→ Entries supplied:
┏━━

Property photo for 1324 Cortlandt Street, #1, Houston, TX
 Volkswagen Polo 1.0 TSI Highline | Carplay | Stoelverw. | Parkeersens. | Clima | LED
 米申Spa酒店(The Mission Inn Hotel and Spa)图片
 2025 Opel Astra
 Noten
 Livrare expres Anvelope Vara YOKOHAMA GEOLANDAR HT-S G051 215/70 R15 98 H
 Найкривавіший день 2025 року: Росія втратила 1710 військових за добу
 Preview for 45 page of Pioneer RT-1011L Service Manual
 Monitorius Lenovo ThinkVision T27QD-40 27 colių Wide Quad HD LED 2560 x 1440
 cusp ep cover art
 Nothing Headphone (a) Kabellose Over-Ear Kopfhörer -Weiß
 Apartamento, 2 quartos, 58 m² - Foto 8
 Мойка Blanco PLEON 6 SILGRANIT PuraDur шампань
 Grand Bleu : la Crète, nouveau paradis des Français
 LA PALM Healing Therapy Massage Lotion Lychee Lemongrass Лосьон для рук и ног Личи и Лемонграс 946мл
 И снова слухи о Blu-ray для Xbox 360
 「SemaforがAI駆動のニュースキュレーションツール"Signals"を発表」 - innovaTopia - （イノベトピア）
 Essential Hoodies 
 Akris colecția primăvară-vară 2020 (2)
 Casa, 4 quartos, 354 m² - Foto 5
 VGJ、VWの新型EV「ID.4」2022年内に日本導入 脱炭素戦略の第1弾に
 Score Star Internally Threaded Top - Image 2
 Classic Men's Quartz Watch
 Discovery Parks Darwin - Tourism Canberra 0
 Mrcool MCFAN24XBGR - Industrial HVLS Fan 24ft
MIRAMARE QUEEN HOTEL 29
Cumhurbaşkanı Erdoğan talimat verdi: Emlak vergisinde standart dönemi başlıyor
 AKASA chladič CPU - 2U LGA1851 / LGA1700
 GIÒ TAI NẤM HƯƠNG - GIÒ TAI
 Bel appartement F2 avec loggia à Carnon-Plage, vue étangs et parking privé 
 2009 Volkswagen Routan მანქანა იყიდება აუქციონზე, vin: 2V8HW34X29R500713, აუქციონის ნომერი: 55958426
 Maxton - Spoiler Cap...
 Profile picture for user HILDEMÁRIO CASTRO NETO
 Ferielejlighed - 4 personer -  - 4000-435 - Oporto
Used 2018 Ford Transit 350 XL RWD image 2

┗━━

All of the material shown above should be written out exactly.

Property photo for 1324 Cortlandt Street, #1, Houston, TX
 Volkswagen Polo 1.0 TSI Highline | Carplay | Stoelverw. | Parkeersens. | Clima | LED
 米申Spa酒店(The Mission Inn Hotel and Spa)图片
 2025 Opel Astra
 Noten
 Livrare expres Anvelope Vara YOKOHAMA GEOLANDAR HT-S G051 215/70 R15 98 H
 Найкривавіший день 2025 року: Росія втратила 1710 військових за добу
 Preview for 45 page of Pioneer RT-1011L Service Manual
 Monitorius Lenovo ThinkVision T27QD-40 27 colių Wide Quad HD LED 2560 x 1440
 cusp ep cover art
 Nothing Headphone (a) Kabellose Over-Ear Kopfhörer -Weiß
 Apartamento, 2 quartos, 58 m² - Foto 8
 Мойка Blanco PLEON 6 SILGRANIT PuraDur шампань
 Grand Bleu : la Crète, nouveau paradis des Français
 LA PALM Healing Therapy Massage Lotion Lychee Lemongrass Лосьон для рук и ног Личи и Лемонграс 946мл
 И снова слухи о Blu-ray для Xbox 360
 「SemaforがAI駆動のニュースキュレーションツール"Signals"を発表」 - innovaTopia - （イノベトピア）
 Essential Hoodies 
 Akris colecția primăvară-vară 2020 (2)
 Casa, 4 quartos, 354 m² - Foto 5
 VGJ、VWの新型EV「ID.4」2022年内に日本導入 脱炭素戦略の第1弾に
 Score Star Internally Threaded Top - Image 2
 Classic Men's Quartz Watch
 Discovery Parks Darwin - Tourism Canberra 0
 Mrcool MCFAN24XBGR - Industrial HVLS Fan 24ft
MIRAMARE QUEEN HOTEL 29
Cumhurbaşkanı Erdoğan talimat verdi: Emlak vergisinde standart dönemi başlıyor
 AKASA chladič CPU - 2U LGA1851 / LGA1700
 GIÒ TAI NẤM HƯƠNG - GIÒ TAI
 Bel appartement F2 avec loggia à Carnon-Plage, vue étangs et parking privé 
 2009 Volkswagen Routan მანქანა იყიდება აუქციონზე, vin: 2V8HW34X29R500713, აუქციონის ნომერი: 55958426
 Maxton - Spoiler Cap...
 Profile picture for user HILDEMÁRIO CASTRO NETO
 Ferielejlighed - 4 personer -  - 4000-435 - Oporto
Used 2018 Ford Transit 350 XL RWD image 2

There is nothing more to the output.